Sunday, December 10, 2006

Biofuels

Of course, this makes great sense!

North state getting on biodiesel road
Four large-scale plants expected to open next year
By Jim Downing - Bee Staff Writer
Published 12:00 am PST Sunday, December 10, 2006


In Rich Gillis' perfect world, every decent-sized city in Northern California would be converting its used cooking oil into clean-burning biodiesel. And he'd be the guy in charge.

The region's first four large-scale biodiesel plants -- including Gillis' 6,800 gallon-a-day setup here in Monterey County -- are set to go online in the next six months. By 2010, Gillis alone hopes to open nine more.

"There's no competition with this stuff yet because we don't have enough equipment to provide 10 percent of what the ... market is," he said, standing in the seed warehouse he's converting into a biodiesel refinery. Behind him, a crane scraped a steel tank the size of a cement mixer across the floor.
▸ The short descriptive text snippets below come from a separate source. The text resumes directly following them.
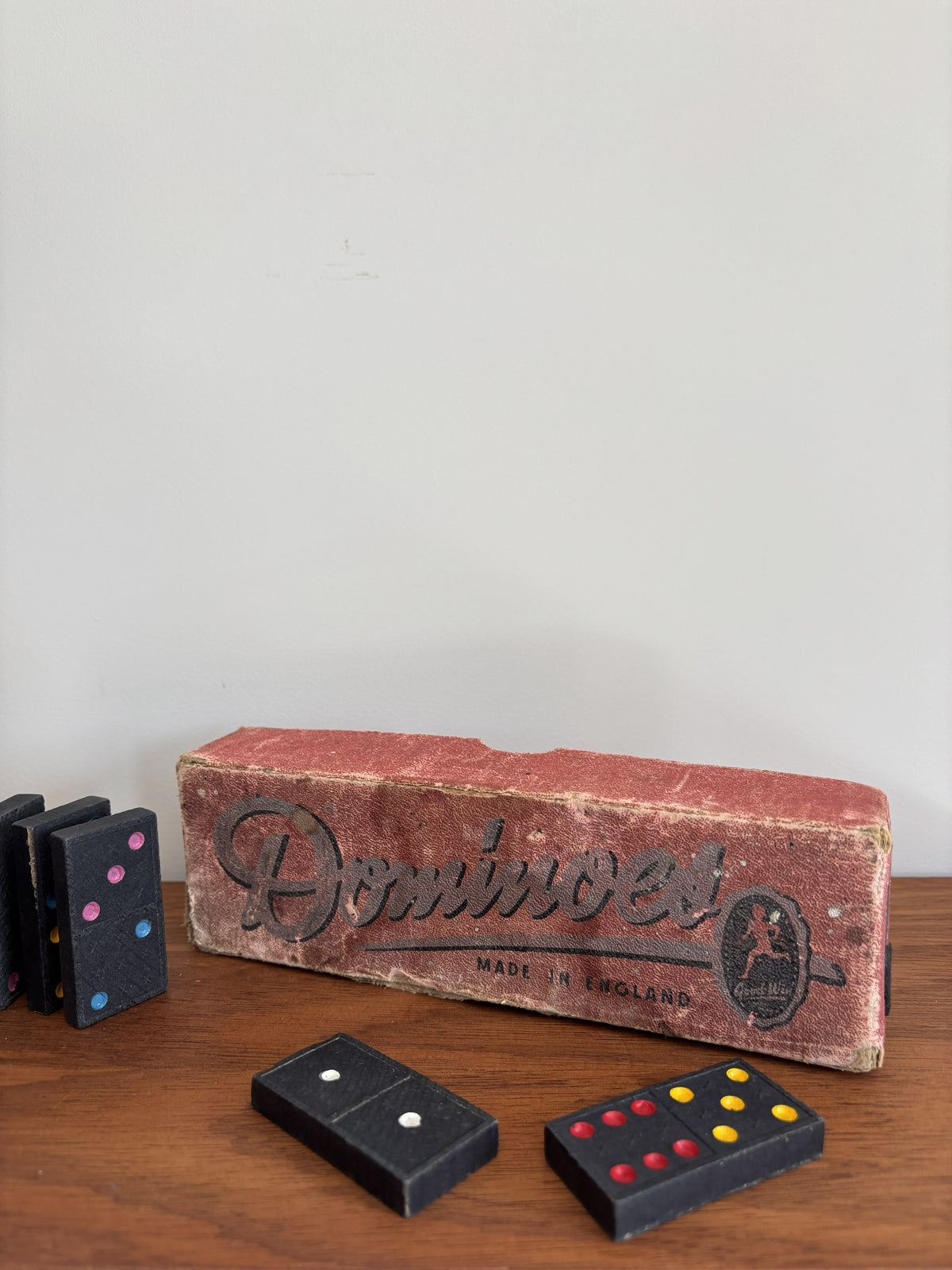 Vintage wooden domino game set with a worn red-brown box and black domino tiles on a wooden tabletop against a plain light wall.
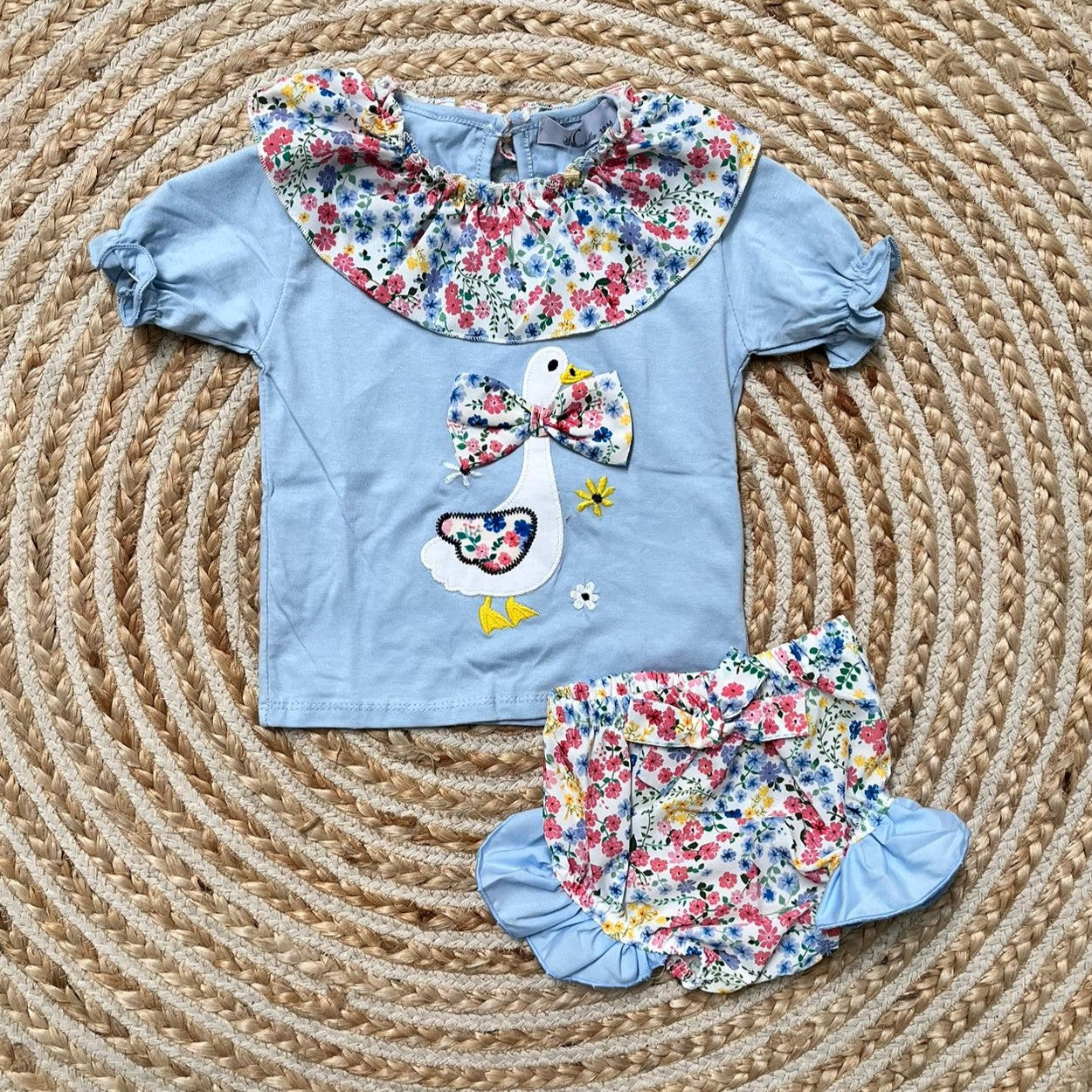 Conjunto cisne cuello flores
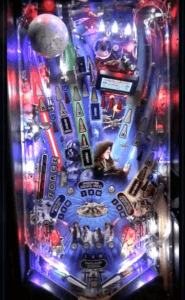 Colorful illuminated pinball machine playfield with intricate electronic components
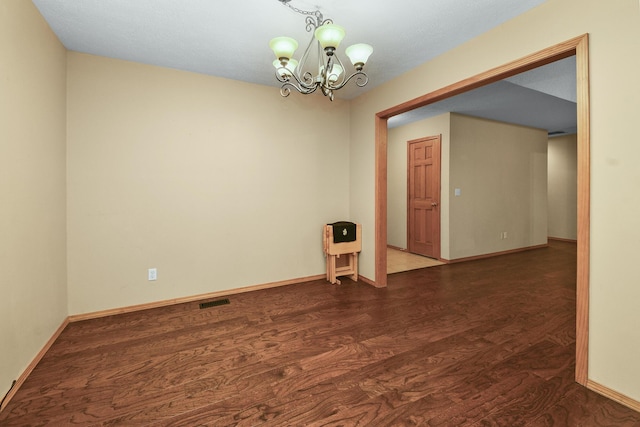 empty room featuring heating unit, a notable chandelier, and dark hardwood / wood-style flooring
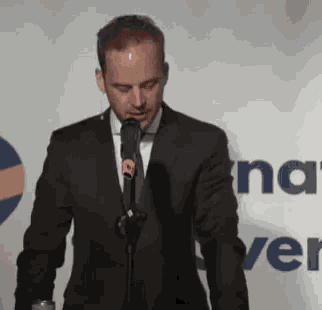 a man in a suit is speaking into a microphone in front of a wall that says na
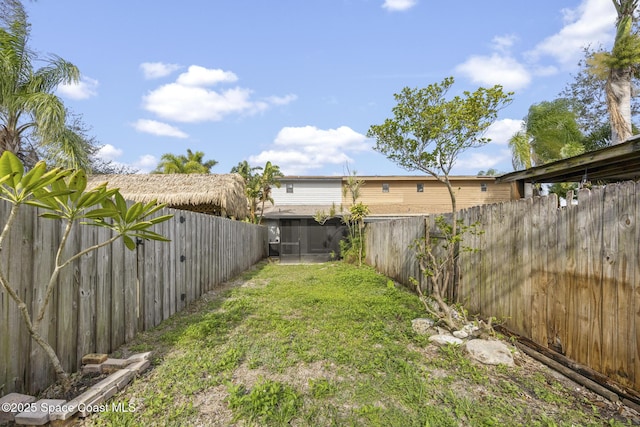 view of yard featuring a sunroom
Biodiesel comes from fats: used french fry oil collected from restaurants, fresh-pressed soybean or canola oil, or even rendered animal fat. A simple chemical reaction yields a fuel that burns in any diesel engine. Burning biodiesel made from waste grease in place of petroleum diesel reduces by as much as 80 percent a vehicle's net emissions of carbon dioxide, the gas chiefly blamed for climate change.

High petroleum prices, concerns about global warming and new federal subsidies are driving a national rush to all sorts of biofuels. Central Valley dairies are building multimillion-dollar digesters to convert manure to methane. The Midwestern ethanol frenzy is gobbling so much grain that corn prices are up 75 percent this year.